■ **Work to complete**
Omit every picture. Return all other data as it stands.

::::

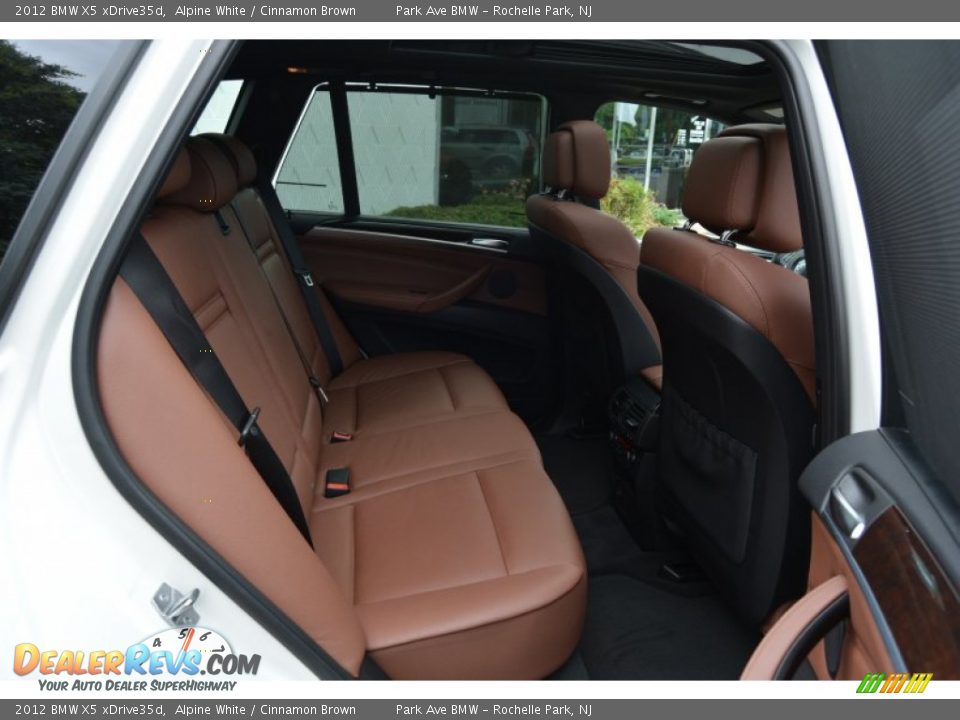 2012 BMW X5 xDrive35d Alpine White / Cinnamon Brown Photo #26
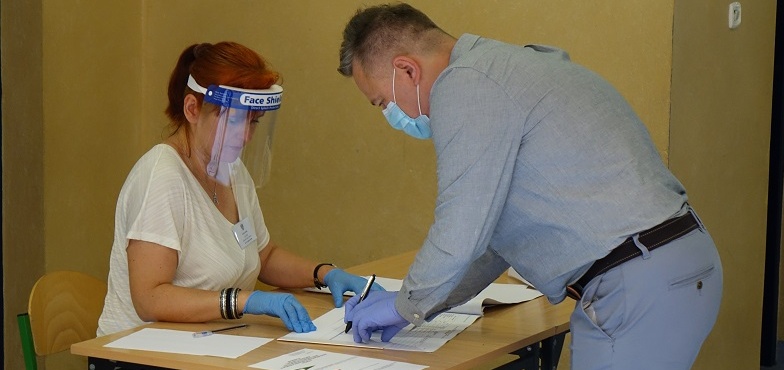 To pierwsze wybory w reżimie sanitarnym. Mieszkańcy w odstępach czekają, żeby zagłosować 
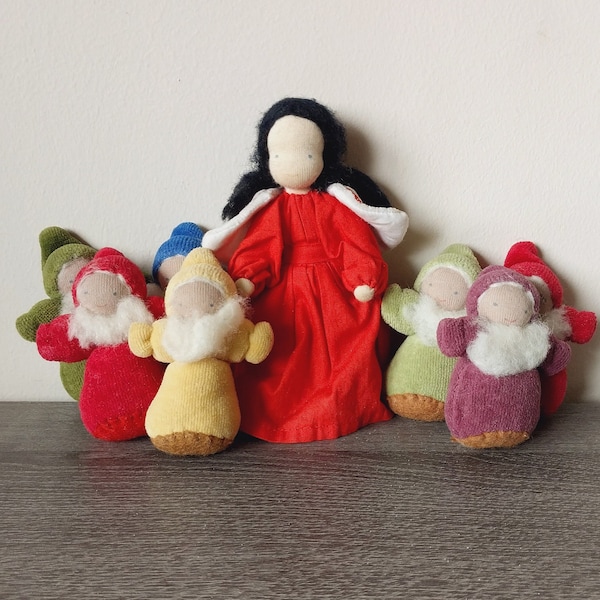 EVI Dolls Snow White and the Seven Dwarfs Waldorf Doll Set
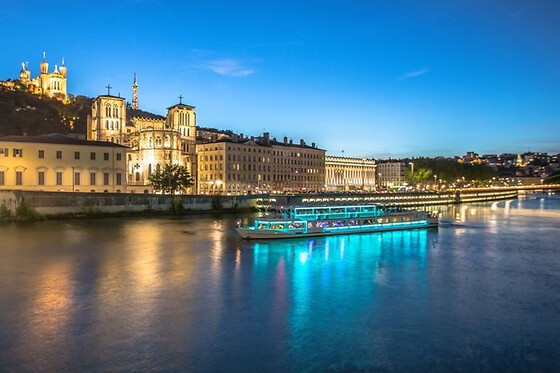 Dîner croisière sur la péniche 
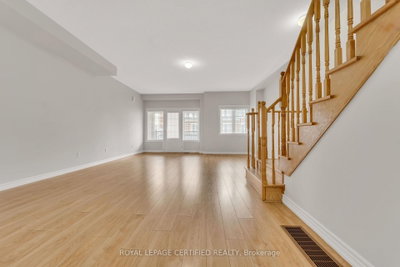 13 Shiff Crescent — photo 4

::::

■ **Solved exercise**
 2012 BMW X5 xDrive35d Alpine White / Cinnamon Brown Photo #26
 To pierwsze wybory w reżimie sanitarnym. Mieszkańcy w odstępach czekają, żeby zagłosować 
 EVI Dolls Snow White and the Seven Dwarfs Waldorf Doll Set
 Dîner croisière sur la péniche 
 13 Shiff Crescent — photo 4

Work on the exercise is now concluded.